SOURCE RECORDS START
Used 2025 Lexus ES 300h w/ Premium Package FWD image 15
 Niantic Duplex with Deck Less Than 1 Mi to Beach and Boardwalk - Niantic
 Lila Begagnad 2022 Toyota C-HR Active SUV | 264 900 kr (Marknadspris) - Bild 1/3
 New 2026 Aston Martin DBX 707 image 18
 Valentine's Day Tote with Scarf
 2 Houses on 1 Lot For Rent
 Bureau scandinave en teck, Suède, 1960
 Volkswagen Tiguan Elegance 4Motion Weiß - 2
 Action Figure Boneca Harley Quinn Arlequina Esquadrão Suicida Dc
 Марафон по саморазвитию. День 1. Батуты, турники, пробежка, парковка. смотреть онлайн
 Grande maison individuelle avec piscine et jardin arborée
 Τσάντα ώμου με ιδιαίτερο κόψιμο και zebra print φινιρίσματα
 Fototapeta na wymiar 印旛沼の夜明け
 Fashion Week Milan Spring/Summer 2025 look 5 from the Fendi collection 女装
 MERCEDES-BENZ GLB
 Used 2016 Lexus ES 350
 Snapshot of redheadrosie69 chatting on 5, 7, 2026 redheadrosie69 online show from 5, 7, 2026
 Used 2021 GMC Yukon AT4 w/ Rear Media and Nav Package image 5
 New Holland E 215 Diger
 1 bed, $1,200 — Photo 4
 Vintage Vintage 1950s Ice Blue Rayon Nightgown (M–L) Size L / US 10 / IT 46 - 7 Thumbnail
SOURCE RECORDS END
### TASK TO CARRY OUT
In the material above, how many lines hold the string "image"? Give the number and nothing else.

### WRITTEN SOLUTION
3